The news came Friday amid a “call to action” by the Florida Department of Children and Families, which hopes to enlist Central Florida businesses, charities, churches and individuals to help homeless children and their parents.
According to a study released by The National Center on Family Homelessness last month, Florida has one of the worst rates of child homelessness in the country.
In a ranking of one (best) to 50 (worst), Florida ranks 42nd in the nation. About 84,000 children in Florida were homeless in 2010, according to a report (.pdf) from the group.

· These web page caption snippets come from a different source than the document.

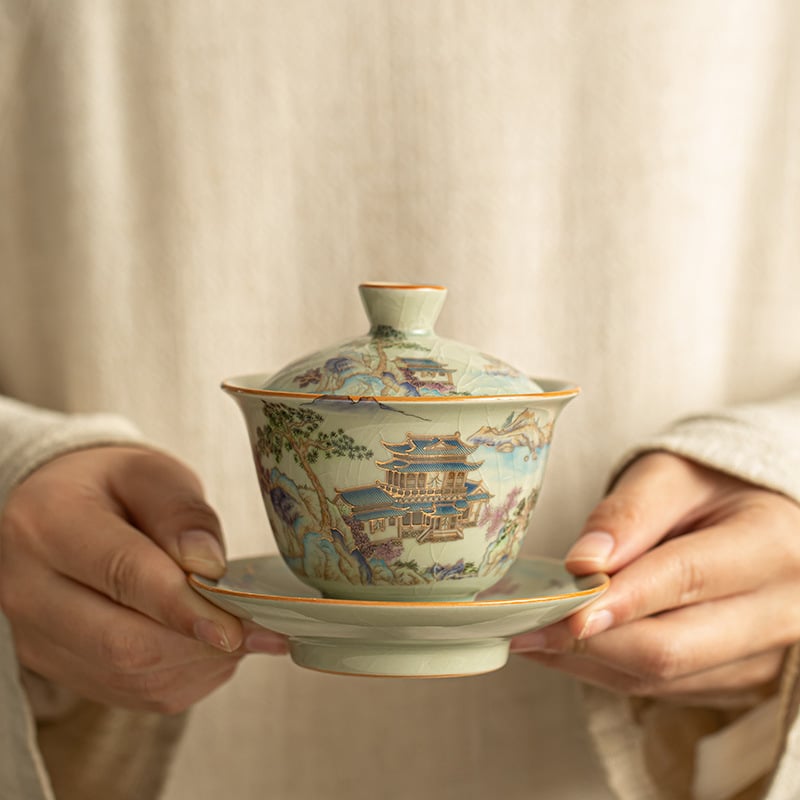 Set gaiwan din ceramică Ru kiln cu motiv peisaj, ceainică și cești, ceașă gazdă, glazură craquelată cu detalii aurii, set cadou Gongfu ceai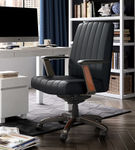 La-Z-Boy - Bennett Bonded Leather Executive High-Back Ergonomic Office Chair - Black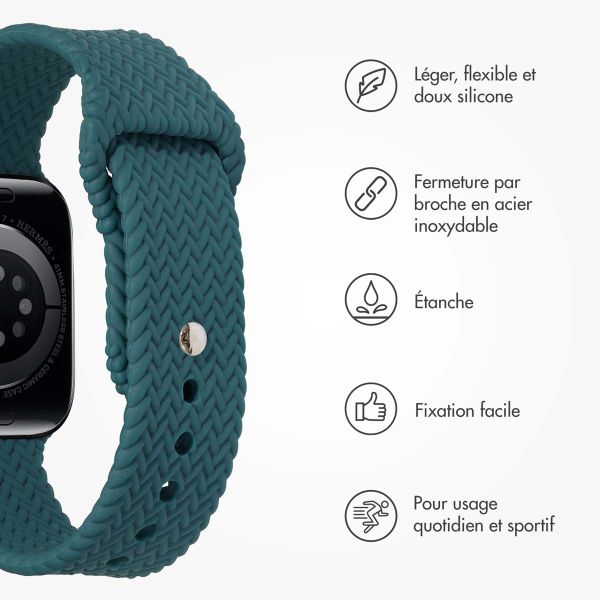 imoshion Bracelet tressé en silicone Apple Watch | 38/40/41/42 mm - Vert foncé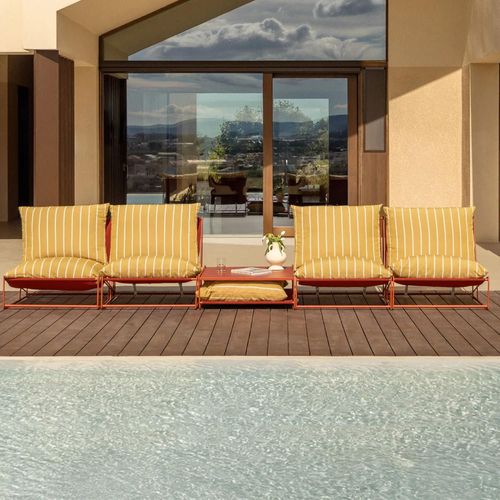Ensemble De Jardin Amaro Avec Deux Canapés Modulables 2 Pièces Et Une Table D'appoint Convertible Jaune Miel - Rouge Argile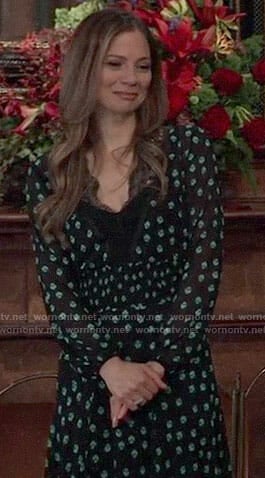Kim's black and green printed maxi dress on General Hospital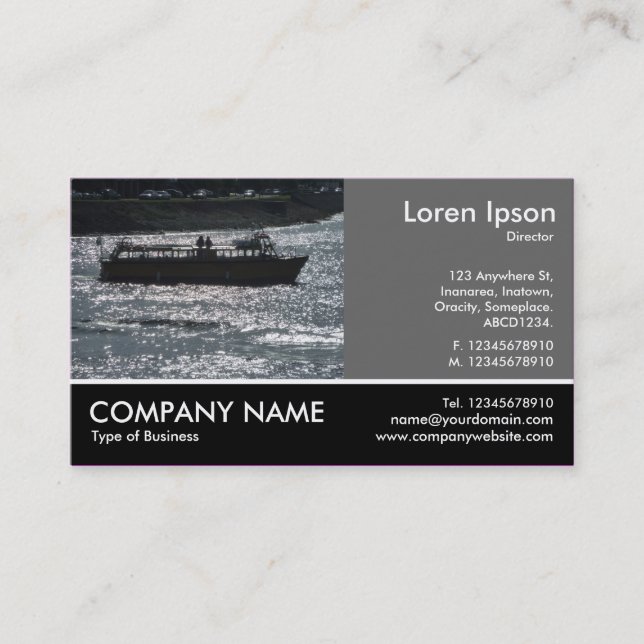 Footed Photo - 60pc Gray - Pleasure Boat Business Card (Front)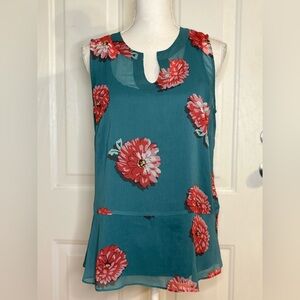 CAbi #3445 Blushing Floral Sleeveless Blouse Sz Medium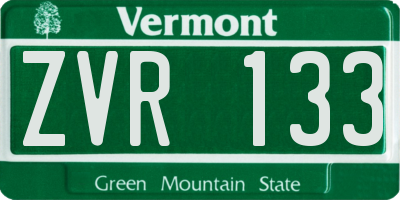 VT license plate ZVR133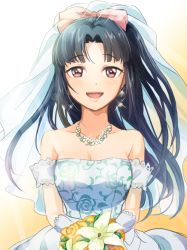 Rule 34 | 1girl, :d, bare shoulders, black hair, bouquet, bow, breasts, bridal veil, cleavage, collarbone, dress, earrings, flower, glint, hair intakes, holding, holding bouquet, idolmaster, idolmaster cinderella girls, jewelry, kakitsubata zero, looking at viewer, medium breasts, mizuno midori, necklace, open mouth, pink bow, pink eyes, smile, solo, sparkle, strapless, strapless dress, upper body, veil, wedding dress, white dress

The study, “America’s Youngest Outcasts 2010″ (.pdf), also found that “more than 1.6 million children or one in 45 are homeless annually in America [which] represents an increase of 38 percent during the years impacted by the economic recession (2007 to 2010).” The study also pointed out that the state did not have a “state 10-year plan that includes children and families,” for combating homelessness in the state.
The Sentinel reported that the state Department of Children and Families is trying a number of small things to help. According to the Sentinel, officials said they would “ease family homelessness without costing more tax dollars,” which includes a Facebook campaign.
Last year, Gov. Rick Scott vetoed $12 million from the state’s general revenue fund to the National Veterans’ Homeless Support Group for “homeless housing assistance grants.” This item was one of the many public assistance programs Scott axed.
According to the Sentinel, Department of Children and Families Secretary David Wilkins told the paper, “We’ll need all your help. To some degree, we’ll be making it up as we go along.”
The issue of child homelessness in the state was highlighted last November when 60 Minutes shed light on the issue and took a hard look at a county in Florida that reported 1,100 homeless students in its K-12 schools.
Responding to the broadcast, state legislators announced a bipartisan effort to combat Florida’s homelessness crisis. State Rep. Betty Reed, D-Tampa, and Sen. Ronda Storms, R-Valrico, announced that they “filed legislation for the 2012 Florida legislative session that seeks to raise awareness and funding to help combat homelessness.”